Pulse of Prevention is an exploratory data analysis (EDA) project focused on understanding the factors contributing to heart disease. Using a dataset of 1,025 patients, this analysis identifies key risk factors, explores patient profiles, and provides insights for early interventions to improve patient outcomes.
- Identify key factors contributing to heart disease
- Develop profiles of high-risk patients
- Suggest actionable preventive measures
- Provide insights for healthcare providers to optimize patient care
Source: Heart Disease Dataset - Kaggle
Size: 1,025 entries, 14 features
Features include:
- Demographics: Age, Sex
- Clinical measurements: Blood pressure (trestbps), Cholesterol (chol), Max heart rate (thalach), ST depression (oldpeak)
- Medical history: Fasting blood sugar (fbs), Thalassemia (thal), Exercise-induced angina (exang)
- Diagnostic results: Chest pain type (cp), Resting ECG (restecg), Slope of ST segment (slope), Number of major vessels (ca)
- Outcome: Heart disease presence (target)
-
Demographics & Clinical Insights
- Average age: 54 years
- Male patients: 59%, Female patients: 41%
- Average blood pressure: 132 mmHg
- Average cholesterol: 246 mg/dL
- 15% of patients have high fasting blood sugar (>120 mg/dL)
-
Heart Disease Risk Factors
- Strongest predictors: Chest pain type (cp), Exercise-induced angina (exang), ST segment slope (slope), Max heart rate (thalach)
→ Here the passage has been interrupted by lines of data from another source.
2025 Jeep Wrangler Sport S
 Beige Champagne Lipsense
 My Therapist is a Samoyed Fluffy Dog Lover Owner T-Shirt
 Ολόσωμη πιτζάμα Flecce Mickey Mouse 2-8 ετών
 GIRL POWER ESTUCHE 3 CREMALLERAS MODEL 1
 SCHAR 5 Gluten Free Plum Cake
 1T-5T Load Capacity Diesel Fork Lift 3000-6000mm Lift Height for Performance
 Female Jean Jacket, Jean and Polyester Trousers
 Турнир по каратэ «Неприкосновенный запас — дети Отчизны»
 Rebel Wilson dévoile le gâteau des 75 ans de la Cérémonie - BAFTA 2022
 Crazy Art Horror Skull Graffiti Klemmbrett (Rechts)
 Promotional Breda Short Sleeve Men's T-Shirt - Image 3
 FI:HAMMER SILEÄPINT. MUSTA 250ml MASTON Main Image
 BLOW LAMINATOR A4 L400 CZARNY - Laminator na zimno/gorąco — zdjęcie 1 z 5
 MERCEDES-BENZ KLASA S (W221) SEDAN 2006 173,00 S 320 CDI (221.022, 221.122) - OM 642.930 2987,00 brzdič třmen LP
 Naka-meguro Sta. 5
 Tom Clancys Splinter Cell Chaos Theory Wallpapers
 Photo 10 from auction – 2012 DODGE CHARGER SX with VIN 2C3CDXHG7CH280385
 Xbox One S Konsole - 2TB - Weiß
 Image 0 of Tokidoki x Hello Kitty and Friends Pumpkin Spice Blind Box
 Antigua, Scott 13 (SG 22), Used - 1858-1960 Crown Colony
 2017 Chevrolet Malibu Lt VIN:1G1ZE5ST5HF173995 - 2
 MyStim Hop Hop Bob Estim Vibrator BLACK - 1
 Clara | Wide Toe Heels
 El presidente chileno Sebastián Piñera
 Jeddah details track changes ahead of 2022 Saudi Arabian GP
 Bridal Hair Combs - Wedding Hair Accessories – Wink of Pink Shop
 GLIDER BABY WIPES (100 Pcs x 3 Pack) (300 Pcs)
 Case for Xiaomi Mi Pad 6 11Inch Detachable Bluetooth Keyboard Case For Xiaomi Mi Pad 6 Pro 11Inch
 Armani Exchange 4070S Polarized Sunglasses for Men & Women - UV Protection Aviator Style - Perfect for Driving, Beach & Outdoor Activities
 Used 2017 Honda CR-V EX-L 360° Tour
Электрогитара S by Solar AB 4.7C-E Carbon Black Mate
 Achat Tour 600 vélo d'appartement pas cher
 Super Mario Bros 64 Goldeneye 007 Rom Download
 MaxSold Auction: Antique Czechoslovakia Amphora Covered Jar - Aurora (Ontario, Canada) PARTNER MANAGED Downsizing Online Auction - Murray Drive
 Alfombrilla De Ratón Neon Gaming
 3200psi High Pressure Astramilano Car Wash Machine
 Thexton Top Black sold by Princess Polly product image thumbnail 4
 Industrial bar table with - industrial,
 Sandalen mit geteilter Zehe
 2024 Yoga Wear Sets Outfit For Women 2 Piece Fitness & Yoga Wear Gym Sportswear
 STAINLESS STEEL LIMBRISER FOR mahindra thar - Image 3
- Patients with fixed thalassemia defects (thal=2) are at higher risk
- Age, cholesterol, and blood pressure are contributing factors, especially when combined with other risk indicators
-
Age & Risk Trends
- Heart disease prevalence is significant in the ages 40–60
- Early 40s and late 50s are critical windows for preventive interventions
-
Predictive Modeling
- Logistic Regression using all features achieved ~81% accuracy
- Model effectively identifies at-risk patients for early intervention
- Clinical & Business Impact
- Targeted screening for high-risk patients improves early detection
- Personalized interventions based on ECG, thalassemia, and clinical measurements enhance patient outcomes
- Data-driven insights guide resource allocation and preventive healthcare strategies
- Distribution Analysis: Age, gender, chest pain types, thalassemia types
- Correlation Analysis: Identifying key relationships between variables and heart disease presence
- Risk Factor Combinations: Most common profiles in heart disease patients
- Clinical Measurement Comparison: Differences between patients with and without heart disease Visualizations Used: Histograms, Bar Charts, Line Plots, Pair Plots, Heatmaps
This EDA highlights the critical factors influencing heart disease and demonstrates the potential for data-driven preventive healthcare. Combining demographic data, medical history, and clinical measurements enables targeted interventions and improved patient outcomes.
- Include time-to-event data for true survival analysis
- Apply advanced predictive models (Random Forest, XGBoost) for higher accuracy
- Explore lifestyle and environmental factors for a more comprehensive risk assessment
- Pandas, NumPy
- Matplotlib, Seaborn
- Scikit-learn
- Power BI
Our analysis shows that heart disease risk is influenced by multiple factors working together rather than a single measurement. Age, chest pain type, exercise-induced angina, ST segment slope, and maximum heart rate are the strongest indicators of risk.
Patients aged 40–60 and those with fixed thalassemia defects (thal = 2) are particularly vulnerable. Combining these clinical and demographic indicators allows for more accurate identification of high-risk patients.
We recommend focusing on integrated risk assessments, early preventive interventions for mid-life patients, and closer monitoring of patients with high-risk ECG or thalassemia profiles. Leveraging predictive insights can improve early detection and guide personalized care strategies.